内定承諾の基準は条件面より事業内容や仕事内容

次に、入社を決めた企業への内定承諾の決め手について見ていきましょう[図表10]。最も多かったのは「事業内容」の62%、次いで「仕事内容(自分の専攻やスキルが活かせる)」が55%、「企業規模」「社風」が46%などとなっています。上位二つは6割前後の理系院生が挙げており、条件よりも仕事ベースで入社企業を選ぶ学生が多い傾向がうかがえます。
第115回 理系学生(院生)はどのような方法で情報収集を行い、どのような点を重視して企業を選んでいるか
「楽天みん就」と6月に共同で実施した「2021年卒学生の就職活動動向調査」の結果では、文系学生は「仕事内容」が73%と最多で、次いで「会社の雰囲気」と「事業内容」がともに60%となっていたことからも、「事業内容」や「仕事内容」の項目については文系・理系関係なく、学生が入社する企業を決める際に重視される要素となっていることが分かります。また、「企業規模」が3位にランクインするあたりに、理系学生、特に大学院生においてはやはり「大手志向」が強いことがうかがえます。

一方、ポイントが低かった項目に着目した場合、もう少し上位でもいいのではないかと思えるのが、「人事制度・評価制度」(4%)、「教育体系・育成方針」(9%)、「配属先の希望実現率」(9%)、そして理系であればもっと重視してほしい項目として「商品・サービス・技術力」(14%)が挙げられます。かつては「技術力」にこだわりを持つ理系学生がもっと多かったと記憶しているのですが、近年の理系学生は文系学生との垣根が低くなっているということなのでしょうか。
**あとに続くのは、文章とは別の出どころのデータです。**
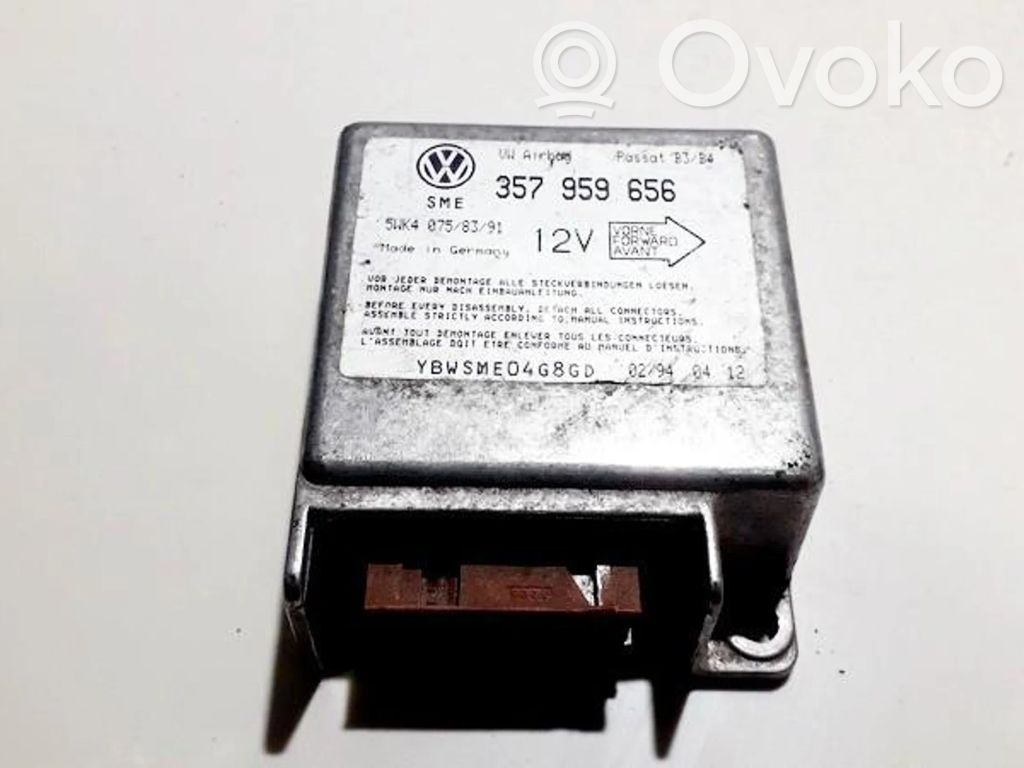 Volkswagen PASSAT B4 Centralina/modulo airbag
最後に、理系大学院生は自身の専門分野を活かせるかどうかも重要な判断軸になりそうですが、この点についてはどう考えているのでしょうか。「学生自身の研究テーマ・専攻分野と入社後の業務の関連性」について聞いてみたところ、「自身の専攻分野の知識を一部活かすことができる」が最も多く41%で、「自身の具体的な研究テーマと関連が深い」は意外にも10%にとどまりました[図表11]
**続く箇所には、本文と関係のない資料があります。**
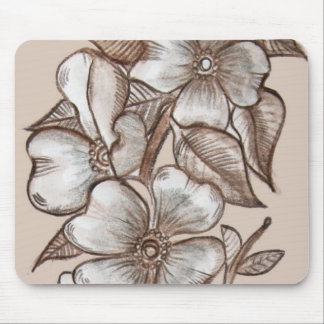 Dogwood Mousepad Musmatta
第115回 理系学生(院生)はどのような方法で情報収集を行い、どのような点を重視して企業を選んでいるか
「自身の具体的な研究テーマと関連が深い」「自身の専攻分野と関連が深い」「自身の専攻分野の知識を一部活かすことができる」までを合計すると73%と4分の3近い学生が、自身の専攻分野に関わりのある業務を選んでいることが分かります。ただ、裏返せば、大学院まで進学したものの専攻分野での限界を感じたのか、新たな分野に興味を持ったのか、「ほとんど関係ない」とする学生が22%もいるということになります。ぜひ新しい分野で活躍してもらいたいものです。